ETUDE – Pour ses dix ans, le Conseil Représentatif des Associations Noires (CRAN) a lancé un site de statistiques populaires lundi dernier. Une initiative qui pose question.
Louis-Georges Tin, actuel président du CRAN, déclare sur la page Facebook de l’organisation : « Nous invitons le public à nourrir ce site interactif, ce qui nous permettra d’interpeller les structures concernées ». Pour les 10 ans de la fédération, le CRAN a réalisé une vieille envie.
Depuis plusieurs années, le CRAN critique le manque d’études pouvant rendre compte des discriminations dont sont victimes les minorités dans des domaines divers comme le logement, le monde du travail et l’éducation .
Aujourd’hui, avec http://www.statistiquespopulaires.fr, le CRAN espère que tout un chacun participera à pallier à cette carence en proposant « des statistiques ethniques, faites non pas par des instituts officiels, mais faites par nous tous » pour « mesurer la représentation des minorités ethniques » dans un milieu donné. Cette initiative participative, aussi encourageante soit-elle, comporte cependant quelques limites.
*La fiabilité de la méthode
La première question que l’on se pose : la véracité des données récoltées par les citoyens. Lorsque l’on va jeter un œil dans la section « à vous de jouer » sur le site, tout ce que l’on demande à la personne menant l’enquête est son identité, le milieu étudié, ce qu’elle a observé et les chiffres qu’elle a trouvé.

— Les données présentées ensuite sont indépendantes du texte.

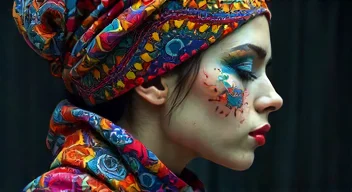 Der Einfluss von Emotionen und Menschlichkeit (3/10)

Aucun conseil sur la façon dont une étude de ce type doit être menée ni sur l’échantillonage pouvant indiquer de la manière la plus précise possible une éventuelle discrimination. Aucune indication concernant une potentielle vérification également.
Ce qui nous mène à une seconde interrogation : pourquoi ne pas tout simplement solliciter des professionnels de la recherche non-blancs qui pourraient mener ces études ? Ce serait logique vu que CRAN reproche à Yves Calvi la quasi totale absence d’experts issus de la diversité, reprenant les informations publiées sur le site Enquête & Médias en janvier 2010.
*Et qu’est-ce qu’on fait maintenant ?
Oui, les discriminations existent. Il est essentiel de faire un constat, chiffres à l’appui, de l’ampleur des disparités au sein des minorités, tous domaines confondus. Même si la France interdit officiellement les statistiques ethniques, il en existe bien. Pour rappel, une étude a été menée par le CNRS en 2009 prouvant que les noirs étaient six fois plus susceptible de subir un contrôle au faciès que n’importe quel autre groupe.
Le CRAN a donc décidé d’épingler quelques mauvais élèves niveau représentativité parmi lesquels des médias (notamment France TV avec à peine 3% de diversité au sein de la direction de France télévision) ou encore le monde de l’entreprise (avec la moitié des entreprises du CAC 40 ne comptant aucune minorité au sein de leur conseil administratif). Mais une fois ces faits dévoilés, quelles solutions proposées pour y remédier ?
L’Afro a tenté de joindre des responsables de l’association pour aborder ces questions mais n’a pas eu de retour de leur part pour le moment.